— AIM OF THE TASK —
For every line below, output the text exactly and leave out images.

— DATASET CONTENT —

····················

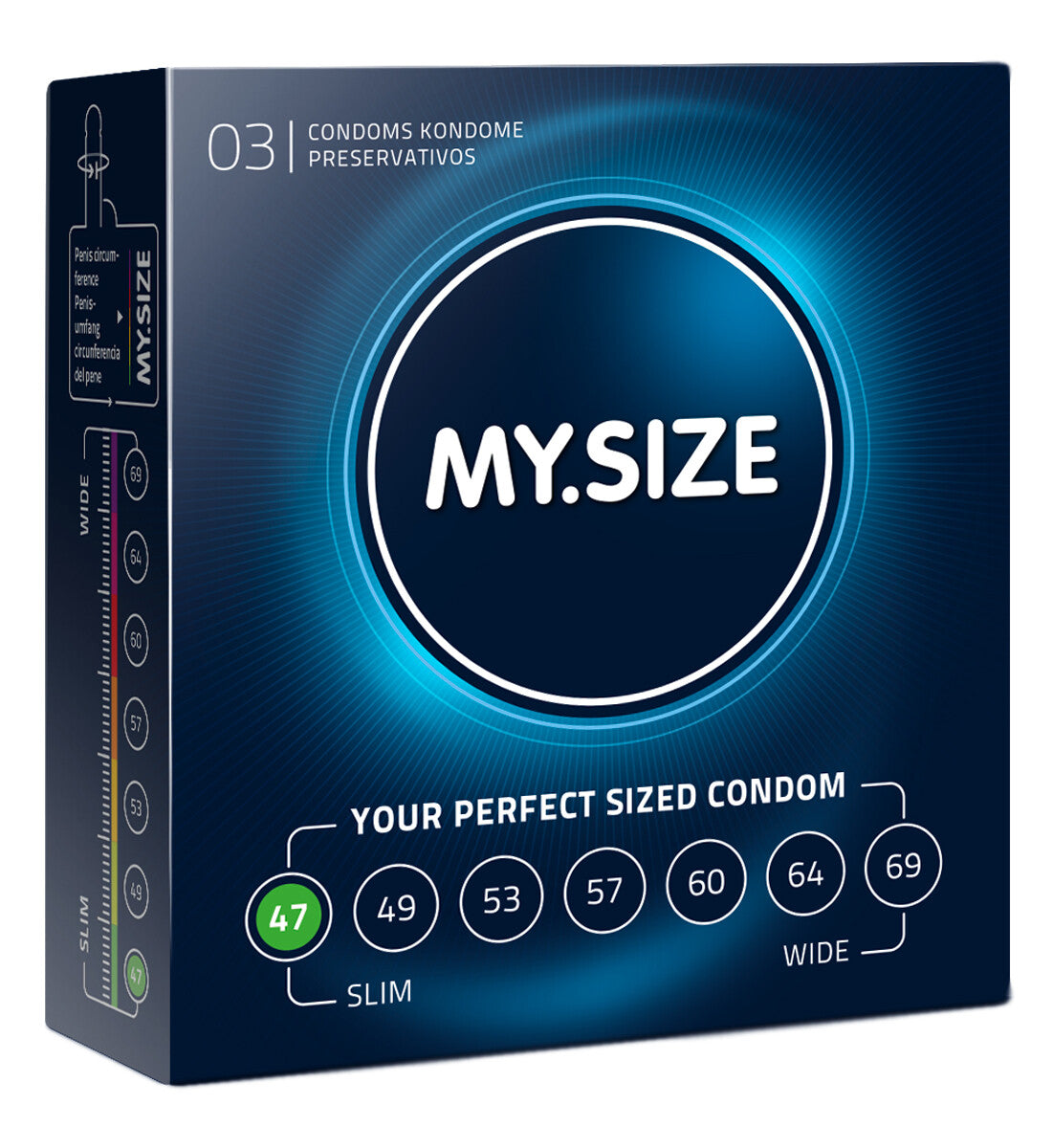 MySize Pro 3er Kondome Condome Spezielle Größen 45-47-49-53-57-64-60-69-72 mm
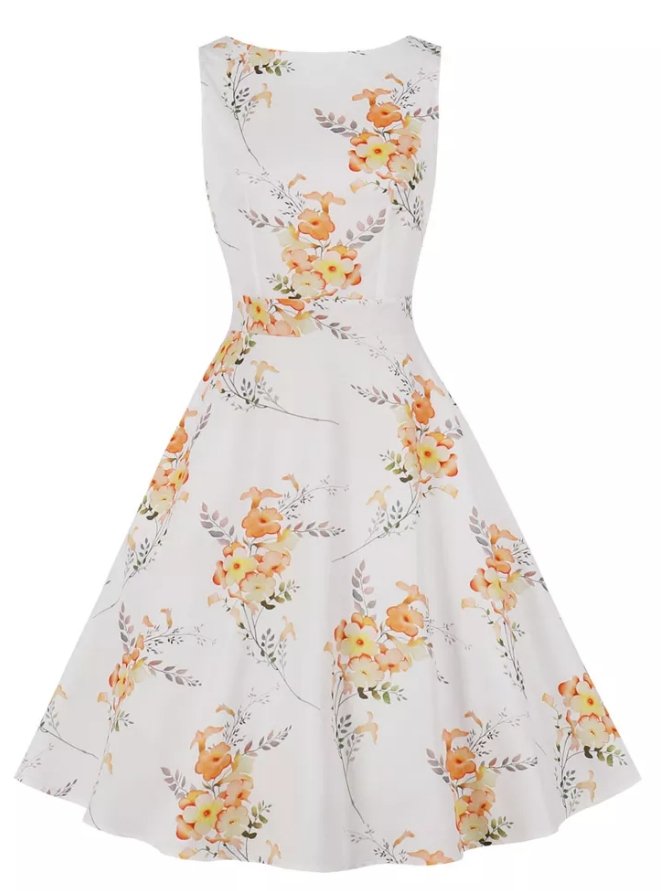 Weißes langes Vintage-Kleid im Stil der 50er Jahre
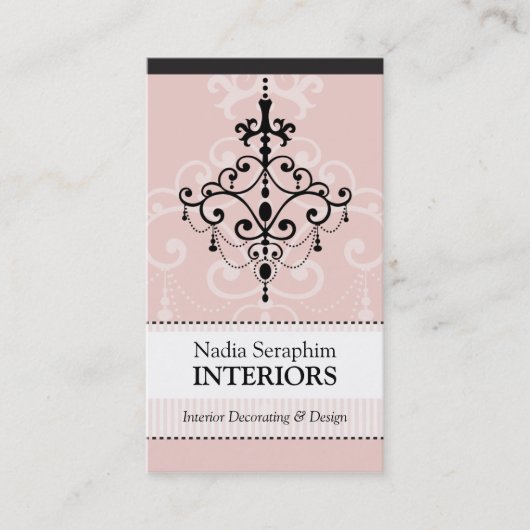 BUSINESS CARD eleganter Kronleuchter schwarz blass Visitenkarte (Vorderseite)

····················

— SOLUTION FOR THIS TASK —
 MySize Pro 3er Kondome Condome Spezielle Größen 45-47-49-53-57-64-60-69-72 mm
 Weißes langes Vintage-Kleid im Stil der 50er Jahre
 BUSINESS CARD eleganter Kronleuchter schwarz blass Visitenkarte (Vorderseite)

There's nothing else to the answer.